This work examines a new multivariate kNN imputation method (wkNNr), applied on a large and naturally incomplete PM2.5 dataset that is comprised of eight years (2012–2019) of half-hourly observations from 59 AQM stations spread across Israel. The work extends beyond past studies in the following ways: (i) the new method uses the correlations between the AQM stations’ records to weigh the distance between observations, (ii) lagging and leading observations are accounted for as additional model inputs that can supply information on short-term temporal associations, and (iii) the imputation is based only on the non-missing PM2.5 records in the dataset, thus enabling the use of other auxiliary data in advanced analyses without fearing collinearity. We compared the new model results to those obtained by applying an iterative imputation scheme, which has been shown to outperform many other imputation algorithms and was therefore chosen to serve as a benchmark. We evaluated the performance of the new method on randomly removed time-intervals of various lengths, using three performance metrics: normalized root mean squared error (NRMSE), coefficient of determination (R2), and normalized mean absolute error (NMAE). The imputation models’ performance was evaluated for each AQM station and different lengths of artificially removed data intervals, and the influence of seasonality was also examined. A parallel Python implementation of the new kNN-based multivariate imputation method is available on github.

2. Materials and Methods

2.1. Study Area and Data

PM2.5 observations were obtained from the Technion Center of Excellence in Exposure Science and Environmental Health (TCEEH) Air Pollution Monitoring Database (TAPMD). The TAPMD holds all the air quality monitoring (AQM) records observed in Israel since 1995, collected by the Ministry of Environmental Protection (MoEP) and by other agencies, using EPA-approved instruments. The data have passed a routine quality assurance procedure [29]. The number of reporting AQM stations increased around 2011 due to the phase-in of the Israel Clean Air Act. Thus, we limited the study period to the years 2012–2019, resulting in a dataset of, at most, 140,256 half-hourly observations in each of the AQM stations whose data were used.
We used all the 59 AQM stations (Figure 1) that operated during the study period and monitored fine airborne particles (PM2.5). Most PM2.5 AQM stations in Israel are situated around five densely populated metropolitan areas (Figure 1): (i) Haifa, in the northern coastal plain, (ii) Tel-Aviv (Gush Dan), in the central coastal plain, (iii) Jerusalem, in the Judah Mountains, (iv) Ashdod, in the southern coastal plain, and (v) Ashkelon, which is also located in the southern coastal plain. The 2012–2019 PM2.5 annual means and standard deviations (SD) in these areas were 17.9 (1.4) μg/m3, 22 (1.5) μg/m3, 19.8 (2.5) μg/m3, 20.7 (1.5) μg/m3, and 19.1 (1.1) μg/m3, respectively. These levels exceed the World Health Organization (WHO) recommended PM2.5 annual mean (5 μg/m3) as well as the annual US National Air Quality Standards (NAQS) for PM2.5 (12 μg/m3). The major local anthropogenic PM2.5 sources in Israel are transportation and industrial plants. However, a substantial fraction of the total observed PM2.5 levels results from transboundary transport that is carried to Israel during certain synoptic conditions. For example, mineral dust is carried to the region from the Sahara Desert and the Arabian Peninsula during the winter and the transition seasons, while secondary/ aged particles are transported to Israel from eastern and southern Europe mainly in the summer. Clearly, the particles that reach Israel as part of this long-range transboundary transport have different physicochemical properties (size distribution, composition, etc.), and the phenomena are characterized by distinct intensity (concentrations) and length (duration) [34,35,36,37,38].

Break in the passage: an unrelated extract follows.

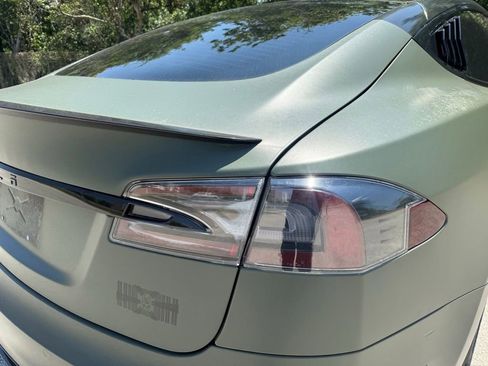 Used 2021 Tesla Model S Plaid image 9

2.2. Missing-Data Characteristics

Twenty-three out of the 59 AQM stations in the dataset were characterized by poor data coverage, each with accumulated missing observations of >4 years during the study period (i.e., >50% missing observations). Thus, although missing observations were imputed in all the 59 AQM stations, we did not use the latter 23 AQM stations for model evaluation, due to the inevitable higher uncertainty in their imputed values.
On average, the percentage of missing PM2.5 observations (out of the total possible 140,256 observations) in the 36 AQM stations with <4 years of accumulated missing observations was 20.4%, with a median and a SD of 22% and 12.9%, respectively. Table 1 presents the distribution of lengths of the missing-data intervals in these 36 AQM stations. About 93% of the missing PM2.5 intervals were very short (≤3 h), however, their total missing time points accounted only for about 7% of the overall missing observations. Figure 2 depicts the temporal coverage of these 36 AQM stations’ datasets, with missing values marked in grey. The mechanism responsible for the missing observations has a profound influence on the characteristics that are presented in Table 1 and Figure 2, as well as on the imputation performance. For standard air quality monitoring data, it is common to assume a “missing at random” (MAR) mechanism [17,39,40], with the probability of an observation to be missing independent of the missing value itself, although it might be influenced by an external cause [41].

2.3. Workflow

The research workflow included the following steps:
(i)
Setting aside a test set for the imputation models’ performance evaluation. For each AQM station, this set included N randomly sampled chunks of observations of length L, denoted hereafter “time-windows” (N  ×  L: 720 × 0.5 h, 360 × 1 h, 180 × 2 h, 120 × 3 h, 120 × 6 h, 30 × 24 h (1 d), 20 × 36 h, 10 × 72 h, 3 × 240 h (10 d), and 1 × 720 h (30 d, i.e., 1 m)), that were artificially designated as missing (marked in red in Figure 2). The artificially removed data intervals were categorized into four categories: very short (0.5 h, 1 h, 2 h, 3 h), short (6 h, 24 h), medium-length (36 h, 72 h), and long (10 d, 30 d). Overall, in each of the 36 AQM stations with accumulated missing observations ≤4 years (marked in bold in Table S1 in the Supplementary Materials), 11,520 time points (half hours) served as the test set, corresponding on average to 11% (9–17%) of the non-missing observations.
(ii)
Tuning the models’ hyperparameters using a cross-validation (CV) procedure with repeated random sub-sampling of the training set (marked in blue in Figure 2). In each iteration, a sub-sample of the training set was designated as missing and served as a validation set against which the model performance was examined for different hyperparameters. The tuning of the hyperparameters was conducted separately for the very short, short, medium-length, and long time-window categories of the artificial missing data. Each of these category-based sub-samples accounted for 12% (9–20%) of the training set.
Figure 2. Temporal coverage of PM2.5 observations at the 59 AQM stations in the years 2012–2019. Grey—missing observations, blue and red—non-missing observations. Blue—the training set, red—the test set used for model evaluation, comprised of randomly selected artificially missing time-windows of different lengths (0.5 h, 1 h, 2 h, 3 h, 6 h, 24 h, 36 h, 72 h, 10 d, and 30 d). Station names are specified in Table S1 in the Supplementary Materials. The test set (red) was extracted only from the 36 AQM stations with accumulated missing data of ≤4 years.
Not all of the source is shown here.